GOOD MORNING!  Do you know the two benefits for speaking to yourself? First, you get to speak to an intelligent person. Second, you get to listen to an intelligent person! With Rosh Hashana and Yom Kippur almost upon us, it is important for us to find our inner voice that is holding us back and change it to empower us to correct our ways, to grow and to come closer to the Almighty.

We speak to ourselves all the time, just some of us are unaware of it. We have a background tape or repeating audio file going on in our subconscious which keeps repeating over and over how we view ourselves and the limitations we put on ourselves, like: "My father doesn't approve of me; I can never meet his expectations." We limit ourselves and often make ourselves anxious, stressful, fearful through what we tell ourselves. We are what we think about!

But what if we could change the tape or repeating audio file? What if we could switch the message for something far more empowering, energizing, uplifting? What if we could transform the message from "I can't change" to "I can"?

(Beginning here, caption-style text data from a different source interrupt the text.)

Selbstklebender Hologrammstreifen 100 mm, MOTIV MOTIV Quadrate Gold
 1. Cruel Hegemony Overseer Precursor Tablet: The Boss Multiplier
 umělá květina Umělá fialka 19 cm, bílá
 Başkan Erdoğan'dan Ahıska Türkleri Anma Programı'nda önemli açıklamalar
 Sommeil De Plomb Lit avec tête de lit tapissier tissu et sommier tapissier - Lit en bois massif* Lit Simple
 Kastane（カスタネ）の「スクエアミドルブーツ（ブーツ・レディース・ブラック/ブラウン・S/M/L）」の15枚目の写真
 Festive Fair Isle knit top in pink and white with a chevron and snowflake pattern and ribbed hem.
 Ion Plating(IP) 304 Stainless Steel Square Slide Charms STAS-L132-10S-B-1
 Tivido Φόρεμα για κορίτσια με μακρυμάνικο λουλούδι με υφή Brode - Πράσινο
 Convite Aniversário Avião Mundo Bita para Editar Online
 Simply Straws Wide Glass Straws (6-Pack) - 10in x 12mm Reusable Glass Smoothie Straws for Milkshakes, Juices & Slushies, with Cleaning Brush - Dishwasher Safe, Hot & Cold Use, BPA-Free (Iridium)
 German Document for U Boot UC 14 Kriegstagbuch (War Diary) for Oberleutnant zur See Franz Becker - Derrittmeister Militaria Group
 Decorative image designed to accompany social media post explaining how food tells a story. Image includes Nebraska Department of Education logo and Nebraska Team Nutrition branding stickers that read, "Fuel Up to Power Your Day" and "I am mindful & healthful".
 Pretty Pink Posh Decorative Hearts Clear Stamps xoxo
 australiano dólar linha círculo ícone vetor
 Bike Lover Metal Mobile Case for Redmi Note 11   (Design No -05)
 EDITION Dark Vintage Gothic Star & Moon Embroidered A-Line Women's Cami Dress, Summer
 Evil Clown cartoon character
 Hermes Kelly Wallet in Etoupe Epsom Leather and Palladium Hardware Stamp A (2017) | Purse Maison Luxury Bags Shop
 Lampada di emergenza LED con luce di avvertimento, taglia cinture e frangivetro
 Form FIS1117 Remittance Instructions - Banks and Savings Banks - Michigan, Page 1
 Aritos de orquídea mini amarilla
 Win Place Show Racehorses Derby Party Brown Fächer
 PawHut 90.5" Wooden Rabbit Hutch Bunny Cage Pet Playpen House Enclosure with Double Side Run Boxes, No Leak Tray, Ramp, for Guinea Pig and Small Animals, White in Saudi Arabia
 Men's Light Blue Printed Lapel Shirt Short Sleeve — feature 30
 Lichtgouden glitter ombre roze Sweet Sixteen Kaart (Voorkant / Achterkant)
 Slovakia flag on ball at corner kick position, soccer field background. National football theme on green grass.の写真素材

Thanks to master motivator, personal coach and prolific author, Rabbi Zelig Pliskin, we now have Conversations With Yourself -- A practical guide to greater happiness, self-development and self-empowerment (available at your local Jewish bookstore, at JudaicaEnterprises.com or by calling toll-free to 877-758-3242).

Writes Rabbi Pliskin, "What are some of the things you can do to upgrade your self-talk? Start by appreciating the positive self-talk that you've already engaged in throughout your life. Your best moments are your best teachers.

"There are many ways to enhance your self-talk. The articles and books you read can help upgrade your self-conversations -- so can the classes and recordings you listen to, and the positive people with whom you talk. Repeat to yourself with enthusiasm, 'I am totally committed and resolved to upgrade the level of my self-talk.' Repeat it as often as necessary to ensure that your self-conversations are making a positive difference in your life."

"What you do want to be like? Write the traits that you wish to master on a card that you carry with you. Focusing on the following four traits will have a tremendous effect on your entire life: Happiness (including gratitude), kindness, courage and serenity. From time to time throughout the day, take out your card and read it -- with optimism and enthusiasm. As you think about these specific desired traits, you will find yourself thinking, speaking, and acting in ways that are consistent with these ways of being. Personal growth is a lifetime process.

"Talk to yourself about what you do want, not what you don't want. If someone who smokes cigarettes says to himself, 'I don't want to smoke cigarettes,' what image will he be creating in his mind? Smoking cigarettes, of course. And if someone says to himself, 'I don't want to procrastinate,' what image will he be creating in his mind? Procrastinating, of course.

"When you talk about the patterns that you do want for yourself, the pictures you imagine are the pictures of you being the way you wish to be. When you do this, you influence and condition your mind in a positive way. Consistently repeating mental pictures of your goal will spontaneously lead to positive actions and behaviors that will help you reach it.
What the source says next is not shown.